En Afrique, débute un cycle de négociations qui visent à aboutir à un traité international
Quelque 300 millions de tonnes de déchets plastiques sont produites chaque année dans le monde, dont 11 millions finissent dans les océans, mais selon l’ONU, « le manque de statistiques » concernant l’Afrique « est un obstacle majeur ». Autre obstacle, le manque d’engagement de certains pays en partie lié à l’impact économique et social du secteur du plastique qui crée de l’emploi dans plusieurs d’entre eux, dont l’Afrique du Sud où il fait travailler quelque 65.000 personnes.
L’Afrique, qui réceptionne déjà des produits toxiques au rebut venus d’ailleurs, deviendra-t-elle, en plus, « la poubelle du monde » des déchets plastiques ? A l’Assemblée de l’ONU pour l’environnement qui s’est ouverte cette semaine à Nairobi, les pays africains tenteront de s’unir pour l’éviter. Ils essaieront de parvenir à une position commune sur l’interdiction d’importer des déchets plastiques sur le continent, en vue de pourparlers pour un accord international contre la pollution du plastique.
« La pollution plastique s’est développée au point de devenir, elle aussi, une véritable épidémie », indique Espen Barth Eide, la présidente de l’Assemblée des Nations unies pour l’environnement.

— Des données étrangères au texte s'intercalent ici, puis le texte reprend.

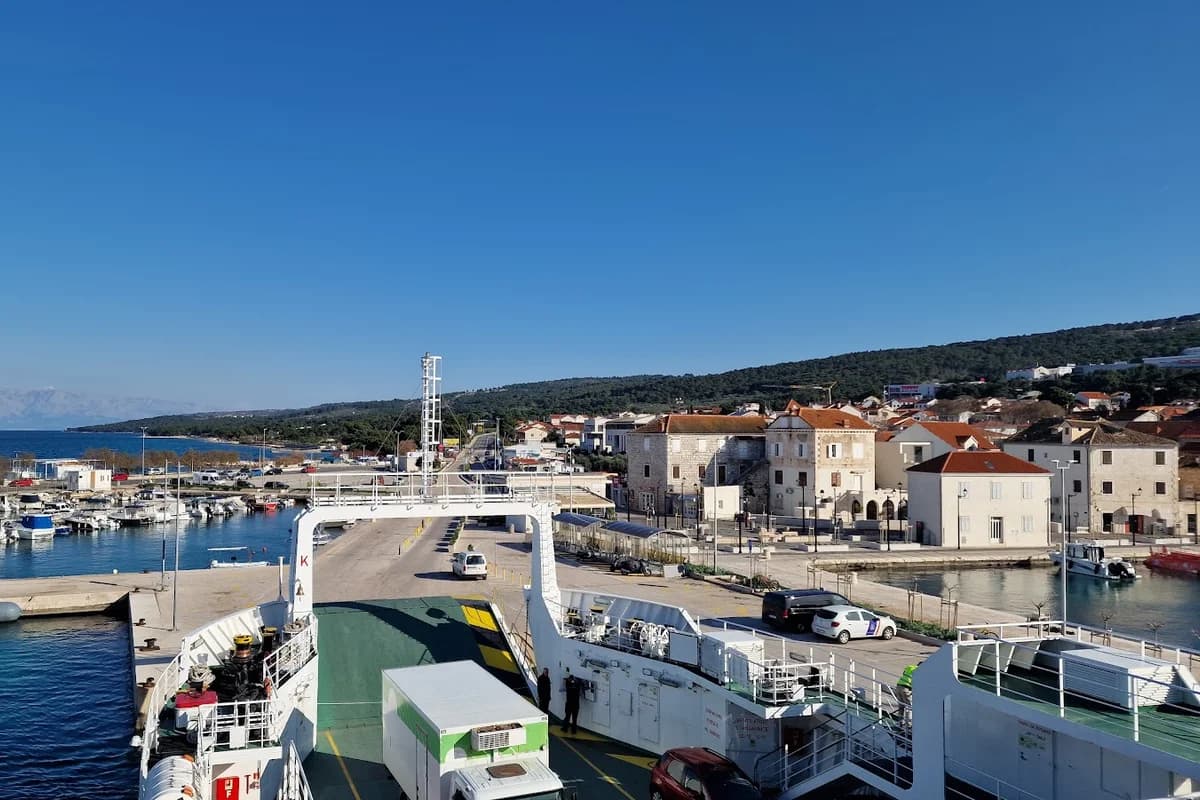 Trajektna luka Terminal za rasute terete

Greenpeace Afrique parle de « bombe à retardement mortelle ».
Concrètement, l’assemblée devrait adopter une motion créant un Comité intergouvernemental de négociation, en vue de l’élaboration d’un traité « fort et juridiquement contraignant » sur la pollution plastique, avec pour échéance possible la prochaine assemblée environnement onusienne, dans deux ans.